# 2005 Cripple Creek Catfish Tourney Schedule



## Corey (Apr 5, 2004)

Well, I finally got the 2005 schedule together. We are going to try something out this year to see if it works. As you know we will be hosting another bash for OGF here at Cripple Creek on Saturday, June 11. Many of you drive a long distance to participate in these outings, or in our tourneys, so we are having our June Cat event that evening for those who want to stay. This will make for one long drive rather than two. The tent will be up too so the weigh-in Sunday morning will be a little fancier than usual and protected from the weather. Here's the 2005 schedule:
April 23
May 14
June 11
July 30
August 20
September 17
October 8

See ya here!!!!!


----------



## atrkyhntr (May 31, 2004)

THANKS for the update and for all your help at the OGF outting!!


----------



## rockbass (Apr 16, 2004)

Awesome Jim, Can't wait for this year again. My goal is to place 2 times this year since I placed once last year! Will be good fun!


----------



## FISHNASTY (Oct 19, 2004)

maybe I'll place in one of them things too...


----------



## rockbass (Apr 16, 2004)

Maybe Fishnasty?? I know you are one of the most likely to place. Well, along with the other 2 guys that always fish together.

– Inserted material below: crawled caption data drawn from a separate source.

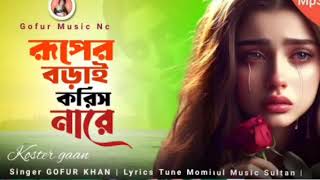 Bata Vora Pan Go Dulavai 💕 বাটা ভরা পানগো দুলাভাই  shali dulavai full All mp3 songs 💔 🥀 [upl. by Taka]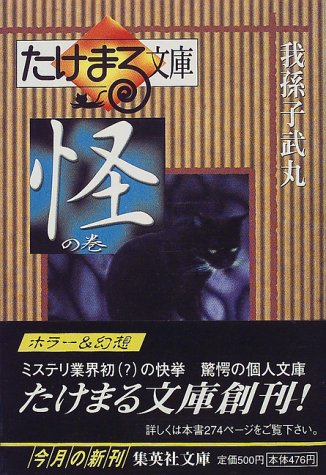我孫子武丸:たけまる文庫 怪の巻 (たけまる文庫) (集英社文庫)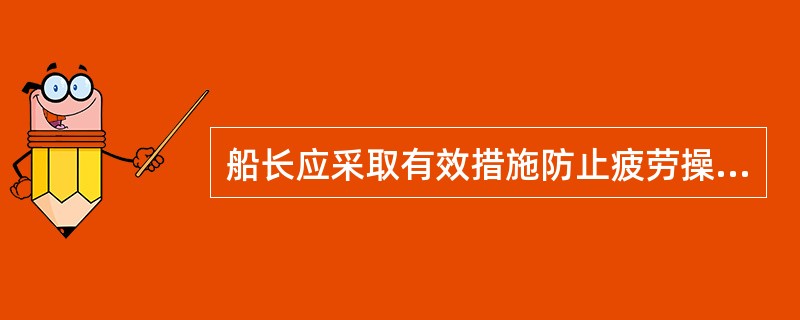 船长应采取有效措施防止疲劳操作，所有参加值班的船员在２４小时内必须有至少（）的休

I don't mean you fish with them, I just mean the other 2 that fish together that always place.


----------



## catfish_hunter (May 31, 2005)

Wheres Cripple Creek at?


----------



## crappiebub (Apr 5, 2004)

3 or 4 miles north of Tappan Lake Dam on route 250.


----------



## catfish_hunter (May 31, 2005)

hrmm ill be damnd...I know where tappan is and where the damn is...Ill have to check it out...


----------



## catfisherman (Jun 14, 2004)

Hey what are the times for the tournament, and other info. I have never fished one of ur tournaments corey. and was just wandering. thanks


----------



## Corey (Apr 5, 2004)

We are 2 miles West of the dam on Rte.#250. Registration starts at 4:00pm on Saturday. Weigh-in starts at 7:30am the next morning.


----------



## Snobal (Jul 26, 2005)

How much is the registration for ur tournys?


----------



## Corey (Apr 5, 2004)

Main tourney is $10.00 (Channel Cat only). Separate pots for Flathead ($5.00), Big Fish ($1.00, Channel), and Odd Fish ($1.00, any species other than Catfish).


----------